Physical examination revealed normal vital signs, no thyroid enlargement and normal respiratory examination. Neurological examination was not done (I forgot! Grr)

Differential diagnosis:
Major Depressive Disorder with psychotic symptom

Provisional Diagnosis:
1. Pseudodementia
2. Generalized Anxiety Disorder
3. Bipolar 2 Mood Disorder

Based on bio-psychosocial spiritual model 
Treat as outpatient, does not require hospitalisation

1. FBC (to check blood parameters before start medication)
2. RP/LFT (to check renal and liver function before start medication)
3. RBS (to rule out hyper or hypoglycemia)
4. BUSE (to rule out electrolyte imbalance)
5. TFT (to rule out hyper or hypothyroidism) 
6. ECG (to rule out cardiac problem in elderly)
7. MMSE (to rule out dementia)
8. Other tests to rule out dementia : Clock-drawing test, Trail-making test, Modified Mini Mental State Examination, Montreal Cognitive Assessment (MoCA).

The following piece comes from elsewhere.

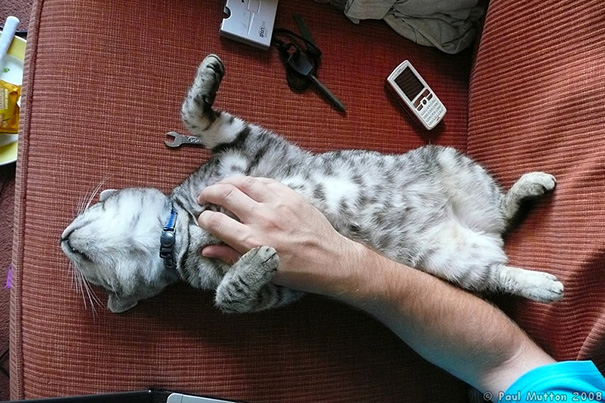 Cat Enjoying Belly Rub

To get collateral history from wife and family members 

To assess patient's obligation and responsibility towards God for further management later

1. Review old medications. If patient's condition improves and no side effects reported, continue. If not, reduce dose or change medications.
2. Start antidepressant preferably SSRI such as T.Fluoxetine 20mg OD. Side effects are headache, nausea, insomnia and sexual dysfunction.
3. Start anxiolytic preferably short-acting benzodiazepine such as T.Alprazolam 0.5mg TDS. Can use up until 6 weeks. Educate patient on tolerance and dependence.
4. Start antipsychotic preferably atypical such as T.Risperidone 0.5mg BD. Side effects are anxiety, insomnia, dizziness, constipation, nausea and rash.

1. Psychoeducate patient and family members on nature of illness and the need for treatment, side effects of medications, importance of compliance, course and prognosis, early warning signs
2. Cognitive Behavioural Therapy to correct patient's negative thinking such as feelings of guilt and worthlessness, advice patient on deep breathing techniques
3. Family Therapy to involve family together in taking care of patient

Advice patient to pray, recite Quran, zikr and take wudhu' as a form of relaxation therapy

All of us were given one hour to clerk patients and do examination. For this patient, I had difficulty in managing my time well. My first impression when I took history from patient was, this is definitely a case of MDD. And then, towards the end of 30 minutes of clerking, he mentioned that he had palpitation and anxiety. I was panicking for a while, thinking that this patient might have anxiety disorder and my history was pointing towards MDD! Luckily he did not have any episodes of panic attacks, if not I would be dead! It was more like GAD, thats what I was thinking. I completed MSE and PE in a rush, checked his BP and HR, when suddenly the patient's wife and son came into the room. I chatted to his wife and did examination at the same time. A few minutes later, I was asked by staff nurse if I have finished examining the patient or not, because Dr.Kartini was waiting.

I quickly examined his lungs and forgot to do neurological examination. There wasnt enough time left anyway. So I thanked the patients and waited outside Dr.Kartini's room. Dr.Kartini called the patient inside first, and about 15 minutes later, I was called inside.

I missed a few points in history. I forgot to rule out Bipolar 2 mood disorder. I didnt manage to answer some of the questions given. I was a bit nervous. Anyway, hopefully I will pass the exam. Hopefully all of us will pass.

So...that's about all. Enjoy your holidays!